● **Data for analysis**:
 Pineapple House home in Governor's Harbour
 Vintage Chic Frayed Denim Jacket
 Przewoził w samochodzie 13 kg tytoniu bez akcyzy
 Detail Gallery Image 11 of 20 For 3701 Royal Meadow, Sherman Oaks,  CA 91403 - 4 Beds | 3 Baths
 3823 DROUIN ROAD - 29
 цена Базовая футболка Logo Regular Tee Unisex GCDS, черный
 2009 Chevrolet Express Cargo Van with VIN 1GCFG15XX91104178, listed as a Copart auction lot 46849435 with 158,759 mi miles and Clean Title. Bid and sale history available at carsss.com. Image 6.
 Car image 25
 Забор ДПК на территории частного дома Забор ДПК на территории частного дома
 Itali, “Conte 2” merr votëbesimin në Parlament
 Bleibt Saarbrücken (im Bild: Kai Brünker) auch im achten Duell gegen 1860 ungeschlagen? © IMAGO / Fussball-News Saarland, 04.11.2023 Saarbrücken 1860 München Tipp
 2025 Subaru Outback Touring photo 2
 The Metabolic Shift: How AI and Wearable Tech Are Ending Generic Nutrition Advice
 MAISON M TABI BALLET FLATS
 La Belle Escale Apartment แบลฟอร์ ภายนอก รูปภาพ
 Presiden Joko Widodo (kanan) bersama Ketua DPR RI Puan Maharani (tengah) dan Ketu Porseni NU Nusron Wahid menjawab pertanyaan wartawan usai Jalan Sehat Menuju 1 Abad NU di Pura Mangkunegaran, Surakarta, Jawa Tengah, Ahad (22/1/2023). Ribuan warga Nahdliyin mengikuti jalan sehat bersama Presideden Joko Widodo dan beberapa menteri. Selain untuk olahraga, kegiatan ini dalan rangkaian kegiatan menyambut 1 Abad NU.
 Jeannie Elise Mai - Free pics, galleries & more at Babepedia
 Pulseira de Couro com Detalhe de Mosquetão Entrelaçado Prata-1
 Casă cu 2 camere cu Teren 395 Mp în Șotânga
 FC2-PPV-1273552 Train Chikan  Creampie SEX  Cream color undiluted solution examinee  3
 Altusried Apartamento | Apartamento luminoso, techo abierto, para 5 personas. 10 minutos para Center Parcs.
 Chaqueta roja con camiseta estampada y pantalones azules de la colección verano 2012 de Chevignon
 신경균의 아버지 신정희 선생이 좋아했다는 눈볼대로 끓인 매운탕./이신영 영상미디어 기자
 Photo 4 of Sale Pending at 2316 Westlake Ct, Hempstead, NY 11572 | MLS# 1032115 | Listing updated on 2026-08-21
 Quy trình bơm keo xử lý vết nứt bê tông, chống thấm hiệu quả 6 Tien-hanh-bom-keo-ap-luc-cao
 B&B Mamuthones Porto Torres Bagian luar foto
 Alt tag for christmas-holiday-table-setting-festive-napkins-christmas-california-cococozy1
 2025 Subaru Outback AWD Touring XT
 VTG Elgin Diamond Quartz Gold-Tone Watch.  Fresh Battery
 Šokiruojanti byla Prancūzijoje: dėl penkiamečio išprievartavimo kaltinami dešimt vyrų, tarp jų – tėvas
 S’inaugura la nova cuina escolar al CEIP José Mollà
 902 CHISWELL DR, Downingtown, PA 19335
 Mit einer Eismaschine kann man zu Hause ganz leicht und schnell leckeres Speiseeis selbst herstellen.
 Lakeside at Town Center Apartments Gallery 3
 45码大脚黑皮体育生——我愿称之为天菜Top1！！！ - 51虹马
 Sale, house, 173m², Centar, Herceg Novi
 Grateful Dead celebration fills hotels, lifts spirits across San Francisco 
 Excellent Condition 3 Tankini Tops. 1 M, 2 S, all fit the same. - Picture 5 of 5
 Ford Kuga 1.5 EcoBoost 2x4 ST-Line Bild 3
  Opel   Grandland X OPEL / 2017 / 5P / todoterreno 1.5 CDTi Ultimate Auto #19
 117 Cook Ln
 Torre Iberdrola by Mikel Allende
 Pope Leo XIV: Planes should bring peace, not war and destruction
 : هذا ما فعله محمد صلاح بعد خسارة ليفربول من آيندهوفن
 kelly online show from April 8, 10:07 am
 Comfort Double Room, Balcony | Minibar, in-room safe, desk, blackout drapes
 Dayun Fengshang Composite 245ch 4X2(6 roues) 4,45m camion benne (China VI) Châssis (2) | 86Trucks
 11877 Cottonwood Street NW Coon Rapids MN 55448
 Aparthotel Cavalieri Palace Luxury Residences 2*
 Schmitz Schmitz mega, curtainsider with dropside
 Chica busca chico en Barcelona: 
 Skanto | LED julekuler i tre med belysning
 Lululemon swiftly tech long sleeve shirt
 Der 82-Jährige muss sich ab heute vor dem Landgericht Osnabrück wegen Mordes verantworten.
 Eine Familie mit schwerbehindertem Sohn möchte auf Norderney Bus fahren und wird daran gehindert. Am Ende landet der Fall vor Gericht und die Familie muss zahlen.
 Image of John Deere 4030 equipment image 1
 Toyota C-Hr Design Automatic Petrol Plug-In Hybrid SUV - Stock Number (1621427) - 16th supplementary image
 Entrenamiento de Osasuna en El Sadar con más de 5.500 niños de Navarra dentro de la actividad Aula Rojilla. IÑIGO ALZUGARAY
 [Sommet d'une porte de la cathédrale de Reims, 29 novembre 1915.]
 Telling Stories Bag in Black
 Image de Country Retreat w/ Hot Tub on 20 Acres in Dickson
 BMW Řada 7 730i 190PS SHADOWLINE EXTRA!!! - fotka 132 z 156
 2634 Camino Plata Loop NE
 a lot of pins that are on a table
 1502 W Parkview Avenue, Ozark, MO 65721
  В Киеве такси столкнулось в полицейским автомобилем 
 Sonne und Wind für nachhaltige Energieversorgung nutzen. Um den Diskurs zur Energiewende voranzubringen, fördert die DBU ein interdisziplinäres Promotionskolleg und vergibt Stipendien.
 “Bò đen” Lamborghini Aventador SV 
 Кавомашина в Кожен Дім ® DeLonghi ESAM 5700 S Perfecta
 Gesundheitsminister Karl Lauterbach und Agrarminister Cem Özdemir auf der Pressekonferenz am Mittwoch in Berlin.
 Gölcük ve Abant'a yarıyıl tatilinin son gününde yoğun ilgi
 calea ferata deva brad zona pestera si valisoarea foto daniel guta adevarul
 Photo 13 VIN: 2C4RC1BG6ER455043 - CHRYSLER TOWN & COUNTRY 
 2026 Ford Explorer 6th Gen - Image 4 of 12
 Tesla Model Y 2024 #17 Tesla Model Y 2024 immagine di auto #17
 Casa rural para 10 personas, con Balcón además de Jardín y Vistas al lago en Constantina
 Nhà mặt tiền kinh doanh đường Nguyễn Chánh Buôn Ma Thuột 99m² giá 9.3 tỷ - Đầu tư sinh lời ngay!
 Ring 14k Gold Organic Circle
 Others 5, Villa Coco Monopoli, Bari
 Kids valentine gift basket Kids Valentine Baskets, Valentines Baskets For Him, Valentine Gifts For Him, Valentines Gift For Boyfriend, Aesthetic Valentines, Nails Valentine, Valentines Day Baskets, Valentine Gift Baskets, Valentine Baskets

● **Activity**: The answer is the full set of records, printed exactly as given.

● **Reply**:
 Pineapple House home in Governor's Harbour
 Vintage Chic Frayed Denim Jacket
 Przewoził w samochodzie 13 kg tytoniu bez akcyzy
 Detail Gallery Image 11 of 20 For 3701 Royal Meadow, Sherman Oaks,  CA 91403 - 4 Beds | 3 Baths
 3823 DROUIN ROAD - 29
 цена Базовая футболка Logo Regular Tee Unisex GCDS, черный
 2009 Chevrolet Express Cargo Van with VIN 1GCFG15XX91104178, listed as a Copart auction lot 46849435 with 158,759 mi miles and Clean Title. Bid and sale history available at carsss.com. Image 6.
 Car image 25
 Забор ДПК на территории частного дома Забор ДПК на территории частного дома
 Itali, “Conte 2” merr votëbesimin në Parlament
 Bleibt Saarbrücken (im Bild: Kai Brünker) auch im achten Duell gegen 1860 ungeschlagen? © IMAGO / Fussball-News Saarland, 04.11.2023 Saarbrücken 1860 München Tipp
 2025 Subaru Outback Touring photo 2
 The Metabolic Shift: How AI and Wearable Tech Are Ending Generic Nutrition Advice
 MAISON M TABI BALLET FLATS
 La Belle Escale Apartment แบลฟอร์ ภายนอก รูปภาพ
 Presiden Joko Widodo (kanan) bersama Ketua DPR RI Puan Maharani (tengah) dan Ketu Porseni NU Nusron Wahid menjawab pertanyaan wartawan usai Jalan Sehat Menuju 1 Abad NU di Pura Mangkunegaran, Surakarta, Jawa Tengah, Ahad (22/1/2023). Ribuan warga Nahdliyin mengikuti jalan sehat bersama Presideden Joko Widodo dan beberapa menteri. Selain untuk olahraga, kegiatan ini dalan rangkaian kegiatan menyambut 1 Abad NU.
 Jeannie Elise Mai - Free pics, galleries & more at Babepedia
 Pulseira de Couro com Detalhe de Mosquetão Entrelaçado Prata-1
 Casă cu 2 camere cu Teren 395 Mp în Șotânga
 FC2-PPV-1273552 Train Chikan  Creampie SEX  Cream color undiluted solution examinee  3
 Altusried Apartamento | Apartamento luminoso, techo abierto, para 5 personas. 10 minutos para Center Parcs.
 Chaqueta roja con camiseta estampada y pantalones azules de la colección verano 2012 de Chevignon
 신경균의 아버지 신정희 선생이 좋아했다는 눈볼대로 끓인 매운탕./이신영 영상미디어 기자
 Photo 4 of Sale Pending at 2316 Westlake Ct, Hempstead, NY 11572 | MLS# 1032115 | Listing updated on 2026-08-21
 Quy trình bơm keo xử lý vết nứt bê tông, chống thấm hiệu quả 6 Tien-hanh-bom-keo-ap-luc-cao
 B&B Mamuthones Porto Torres Bagian luar foto
 Alt tag for christmas-holiday-table-setting-festive-napkins-christmas-california-cococozy1
 2025 Subaru Outback AWD Touring XT
 VTG Elgin Diamond Quartz Gold-Tone Watch.  Fresh Battery
 Šokiruojanti byla Prancūzijoje: dėl penkiamečio išprievartavimo kaltinami dešimt vyrų, tarp jų – tėvas
 S’inaugura la nova cuina escolar al CEIP José Mollà
 902 CHISWELL DR, Downingtown, PA 19335
 Mit einer Eismaschine kann man zu Hause ganz leicht und schnell leckeres Speiseeis selbst herstellen.
 Lakeside at Town Center Apartments Gallery 3
 45码大脚黑皮体育生——我愿称之为天菜Top1！！！ - 51虹马
 Sale, house, 173m², Centar, Herceg Novi
 Grateful Dead celebration fills hotels, lifts spirits across San Francisco 
 Excellent Condition 3 Tankini Tops. 1 M, 2 S, all fit the same. - Picture 5 of 5
 Ford Kuga 1.5 EcoBoost 2x4 ST-Line Bild 3
  Opel   Grandland X OPEL / 2017 / 5P / todoterreno 1.5 CDTi Ultimate Auto #19
 117 Cook Ln
 Torre Iberdrola by Mikel Allende
 Pope Leo XIV: Planes should bring peace, not war and destruction
 : هذا ما فعله محمد صلاح بعد خسارة ليفربول من آيندهوفن
 kelly online show from April 8, 10:07 am
 Comfort Double Room, Balcony | Minibar, in-room safe, desk, blackout drapes
 Dayun Fengshang Composite 245ch 4X2(6 roues) 4,45m camion benne (China VI) Châssis (2) | 86Trucks
 11877 Cottonwood Street NW Coon Rapids MN 55448
 Aparthotel Cavalieri Palace Luxury Residences 2*
 Schmitz Schmitz mega, curtainsider with dropside
 Chica busca chico en Barcelona: 
 Skanto | LED julekuler i tre med belysning
 Lululemon swiftly tech long sleeve shirt
 Der 82-Jährige muss sich ab heute vor dem Landgericht Osnabrück wegen Mordes verantworten.
 Eine Familie mit schwerbehindertem Sohn möchte auf Norderney Bus fahren und wird daran gehindert. Am Ende landet der Fall vor Gericht und die Familie muss zahlen.
 Image of John Deere 4030 equipment image 1
 Toyota C-Hr Design Automatic Petrol Plug-In Hybrid SUV - Stock Number (1621427) - 16th supplementary image
 Entrenamiento de Osasuna en El Sadar con más de 5.500 niños de Navarra dentro de la actividad Aula Rojilla. IÑIGO ALZUGARAY
 [Sommet d'une porte de la cathédrale de Reims, 29 novembre 1915.]
 Telling Stories Bag in Black
 Image de Country Retreat w/ Hot Tub on 20 Acres in Dickson
 BMW Řada 7 730i 190PS SHADOWLINE EXTRA!!! - fotka 132 z 156
 2634 Camino Plata Loop NE
 a lot of pins that are on a table
 1502 W Parkview Avenue, Ozark, MO 65721
  В Киеве такси столкнулось в полицейским автомобилем 
 Sonne und Wind für nachhaltige Energieversorgung nutzen. Um den Diskurs zur Energiewende voranzubringen, fördert die DBU ein interdisziplinäres Promotionskolleg und vergibt Stipendien.
 “Bò đen” Lamborghini Aventador SV 
 Кавомашина в Кожен Дім ® DeLonghi ESAM 5700 S Perfecta
 Gesundheitsminister Karl Lauterbach und Agrarminister Cem Özdemir auf der Pressekonferenz am Mittwoch in Berlin.
 Gölcük ve Abant'a yarıyıl tatilinin son gününde yoğun ilgi
 calea ferata deva brad zona pestera si valisoarea foto daniel guta adevarul
 Photo 13 VIN: 2C4RC1BG6ER455043 - CHRYSLER TOWN & COUNTRY 
 2026 Ford Explorer 6th Gen - Image 4 of 12
 Tesla Model Y 2024 #17 Tesla Model Y 2024 immagine di auto #17
 Casa rural para 10 personas, con Balcón además de Jardín y Vistas al lago en Constantina
 Nhà mặt tiền kinh doanh đường Nguyễn Chánh Buôn Ma Thuột 99m² giá 9.3 tỷ - Đầu tư sinh lời ngay!
 Ring 14k Gold Organic Circle
 Others 5, Villa Coco Monopoli, Bari
 Kids valentine gift basket Kids Valentine Baskets, Valentines Baskets For Him, Valentine Gifts For Him, Valentines Gift For Boyfriend, Aesthetic Valentines, Nails Valentine, Valentines Day Baskets, Valentine Gift Baskets, Valentine Baskets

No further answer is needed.